US Secretary of State Hillary Clinton voiced doubt Friday that France would accelerate its troop pullout from Afghanistan, after four French troops were killed by an Afghan soldier.
But the Pentagon said it was up to Paris whether to bring its forces home from Afghanistan early, as Clinton and other US officials offered condolences to the loved ones of the soldiers killed.
"I'm in great sympathy with what happened to the French soldiers. It was terrible and I can certainly appreciate the strong feelings that are being expressed," the chief US diplomat said at a press conference.
The United States offered "our deepest condolences," she said.
"We are in close contact with our French colleagues and we have no reason to believe that France will do anything other than continue to be part of the very carefully considered transition process as we look at our exit as previously agreed upon in Lisbon," Clinton added.
In Lisbon, on November 20, 2010, Nato leaders endorsed a plan for their soldiers to start handing security responsibilities to Afghan forces, with the aim of ceding full control by the end of 2014.
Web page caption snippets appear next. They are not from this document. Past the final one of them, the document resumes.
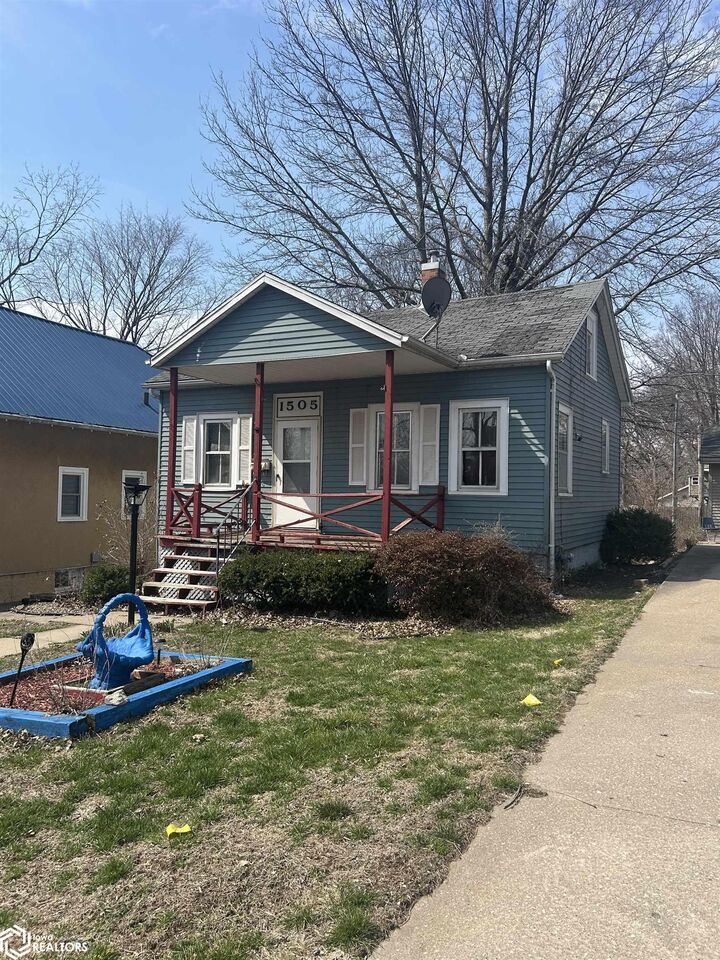 Property Photo:  1505 Gnahn Street  IA 52601 
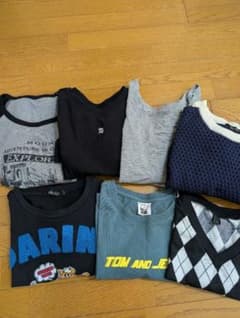 中高生向け　トップスセット (多様なデザイン)のサムネイル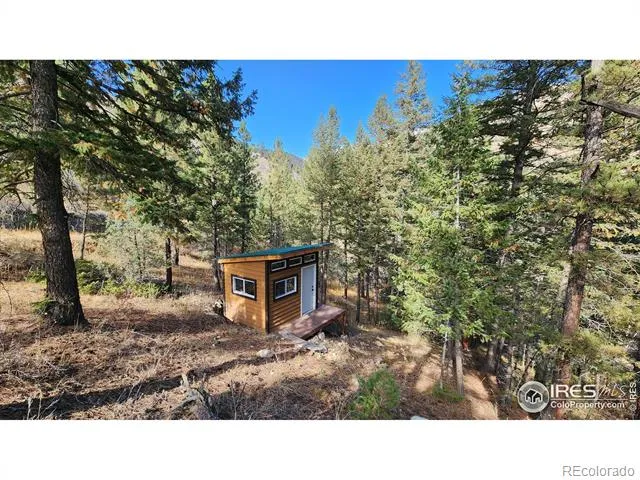 84 Copper Hill Road Glen Haven, CO 80532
French President Nicolas Sarkozy warned Friday he may accelerate the withdrawal of France's 3,600 troops from Afghanistan after an Afghan soldier shot dead four unarmed French troops during a sports session inside a base.
Sarkozy suspended French military training and joint combat operations with Afghan troops, and sent Defense Minister Gerard Longuet to probe the attack in which at least 15 French soldiers were also wounded, eight seriously.
At the Pentagon, Navy Captain John Kirby said: "We mourn for their losses today, but those are decisions that only the French government and the French people can make."
"Their contributions are theirs to determine and theirs to amend as they see fit," Kirby said, calling the French "great allies and great friends."
White House spokesman Jay Carney said French forces had served with "valor and honor" in Afghanistan, but did not comment on the French leader's remarks.
State Department spokeswoman Victoria Nuland said Wendy Sherman, the under secretary for political affairs, had discussed the incident in Washington with her French counterpart Jacques Audibert.
Deployed mainly in the provinces of Kabul and Kapisa, the scene of Friday's shooting, the French forces are currently scheduled to be withdrawn by the end of 2013.
The incident was the latest in a string of attacks by allied Afghan forces on US and Nato soldiers, which a classified report leaked to the New York Times said reflected a "systemic" problem and not just isolated incidents.
Between May 2007 and May 2011, at least 58 US and Nato personnel were killed in 26 attacks by Afghan soldiers and the police, the classified 70-page report said, according to The Times.
It includes an April 2011 incident in which an Afghan Air Force colonel killed eight US officers and a contractor with shots to the head inside their headquarters.
"We believe that they do appear to be increasing in frequency in recent months. What we can't discern is a cause for that," said Kirby.
"We're certainly concerned about these incidents and ISAF officials are taking a look at it. But we also don't believe that this is an endemic or systemic problem. The great majority of partnered operations, and frankly most of our operations are partnered, are done successfully, smoothly, efficiently," he said.
The report emphasizes the killings are the result of a decade of contempt that each side has for each other, and profound ill will among both civilians and militaries on both sides. It downplayed the role of Taliban infiltrators in the incidents.
"Lethal altercations are clearly not rare or isolated; they reflect a rapidly growing systemic homicide threat (a magnitude of which may be unprecedented between 'allies' in modern military history)," the report said, according to The Times.
Official Nato statements downplaying the incidents "seem disingenuous, if not profoundly intellectually dishonest," said the report.